Demoskopen sehen Obama schwächeln

Bei seiner nächsten Kundgebung korrigierte McCain seine Botschaft: Nicht die Wirtschaft sei stark, sondern der Leistungswille und die Anstrengungen der amerikanischen Beschäftigten. Sein Sprecher Tucker Bonds mühte sich um Schadensbegrenzung und stellte Obamas Kritik an der Wirtschaftslage als reine Schwarzmalerei hin: "Barack Obamas kurze Karriere als Staatsdiener ist bestimmt durch Pessimismus, Bereitschaft zur Kapitulation und Schwäche angesichts der großen Herausforderungen unserer Zeit."

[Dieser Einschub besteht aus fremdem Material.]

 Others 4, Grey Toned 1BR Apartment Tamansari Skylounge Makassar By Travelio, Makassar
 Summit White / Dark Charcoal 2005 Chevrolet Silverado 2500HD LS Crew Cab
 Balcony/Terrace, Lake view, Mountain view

Laut der jüngsten Umfrage der "Washington Post" trauen 47 Prozent der Wähler Obama in der Wirtschaftspolitik mehr zu, bei McCain sind es 42 Prozent. Demoskopen lesen aus diesen Zahlen eine Schwäche des Kandidaten Obama heraus. Denn eigentlich müsste er viel mehr von den dramatischen Umständen profitieren können, die derzeit gegen eine weitere Amtszeit für die Republikaner sprechen.

Furcht um die Renten

Arbeitslosigkeit und Inflation steigen, der Wert von Häusern und Wohnungen sinkt dramatisch. Viele US-Bürger investieren einen Teil ihrer Altersvorsorge an der Börse, sie fürchten um ihre Renten. Die Stundenlöhne der Arbeitnehmer nahmen in Bushs Amtszeit inflationsbereinigt nur um ein Prozent zu, wie das liberale Economic Policy Institute in Washington errechnete. Weitaus stärker stiegen Kosten für Energie, Gesundheit oder Bildung. Aus dem Unmut über die Konjunktur resultiert eine Wechselstimmung, die sich bei Demokraten wie Republikanern breit macht.

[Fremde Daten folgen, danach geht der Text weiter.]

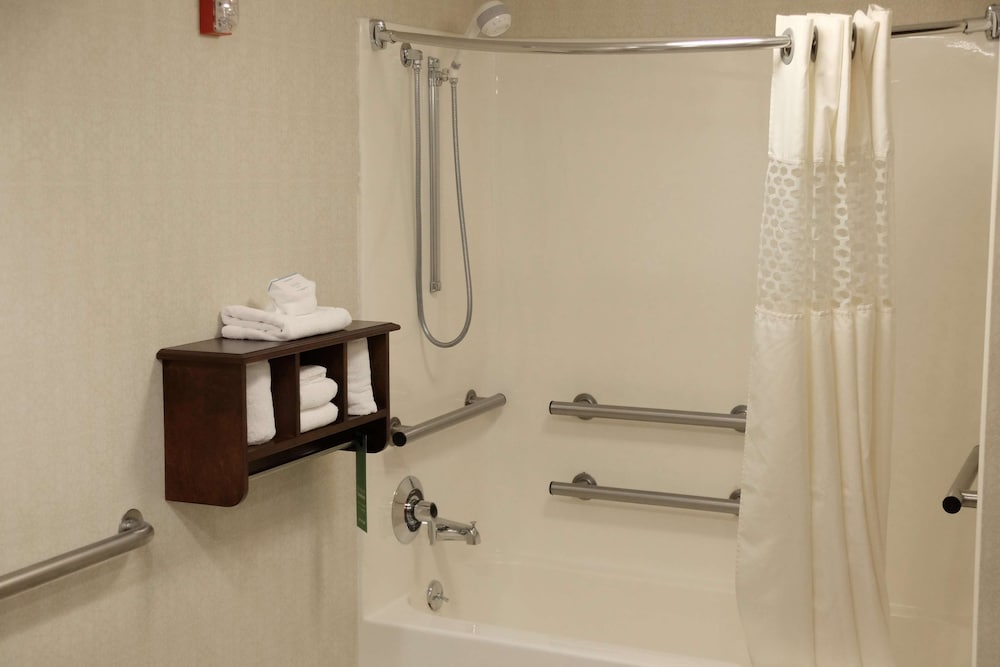 Hampton Inn Lima 28/73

Angesichts dessen ist es McCains einzige Chance, sich vom Erbe seines Parteifreunds Bush zu distanzieren und sich selbst als Garanten des Neubeginns anzubieten. "Wir werden nie mehr zulassen, dass Amerika in diese Lage gerät", sagte er in Florida. "Wir werden an der Wall Street aufräumen." Auch seine Vizekandidatin Sarah Palin redet, als gehöre sie der Opposition an: "Washington ist am Schalthebel eingeschlafen und war ineffektiv", sagte sie in Colorado. McCains Wirtschaftsberaterin Carly Fiorina, die Exchefin des Computerkonzerns Hewlett Packard, kritisierte Bushs Wirtschaftspolitik als "Wildwest-Wirtschaft", die aus Mangel an Aufsicht ins Schleudern gekommen sei.